-- Working data --
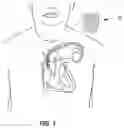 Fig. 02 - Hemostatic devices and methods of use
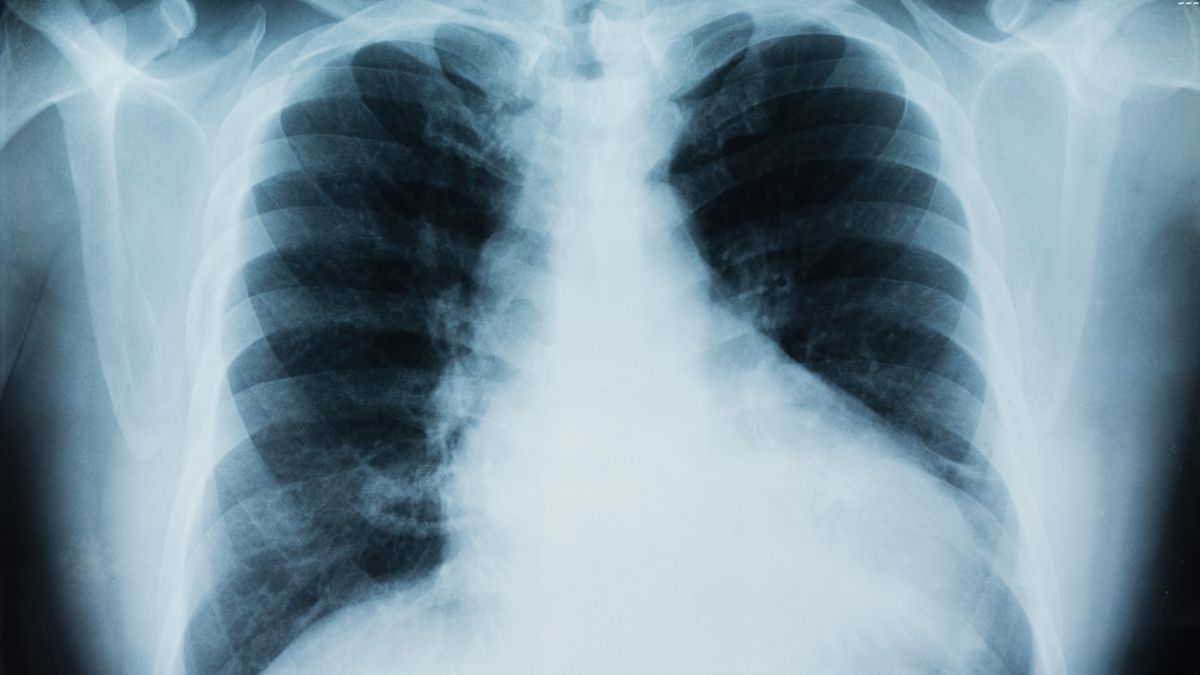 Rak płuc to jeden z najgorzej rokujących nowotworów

...

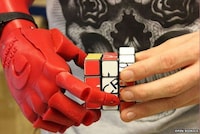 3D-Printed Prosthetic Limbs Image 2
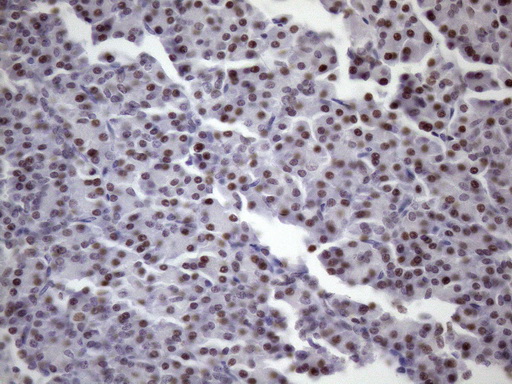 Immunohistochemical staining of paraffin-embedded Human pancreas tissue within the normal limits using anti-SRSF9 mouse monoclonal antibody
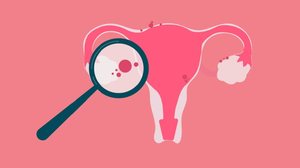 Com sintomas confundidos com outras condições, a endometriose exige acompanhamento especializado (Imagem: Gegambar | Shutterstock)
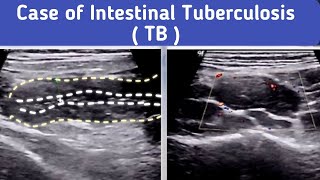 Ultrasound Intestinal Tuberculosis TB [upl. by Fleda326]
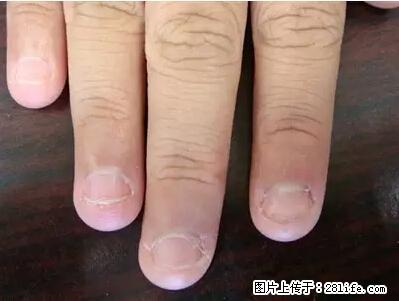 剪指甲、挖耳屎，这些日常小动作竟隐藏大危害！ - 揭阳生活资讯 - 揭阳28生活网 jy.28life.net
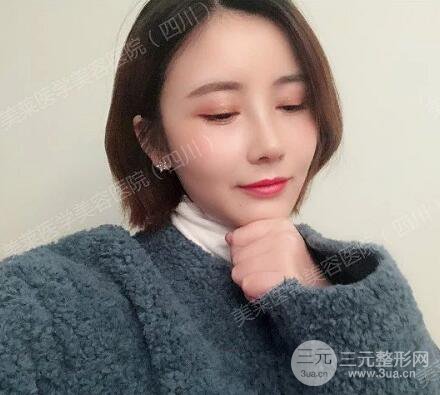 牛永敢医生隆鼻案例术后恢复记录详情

-- What is expected --
Leaving pictures out, output the lines of the data above from the one with "Ultrasound Intestinal Tuberculosis" through the one with "牛永敢医生隆鼻案例术后恢复记录详情", word for word.

-- Solution to this problem --
 Ultrasound Intestinal Tuberculosis TB [upl. by Fleda326]
 剪指甲、挖耳屎，这些日常小动作竟隐藏大危害！ - 揭阳生活资讯 - 揭阳28生活网 jy.28life.net
 牛永敢医生隆鼻案例术后恢复记录详情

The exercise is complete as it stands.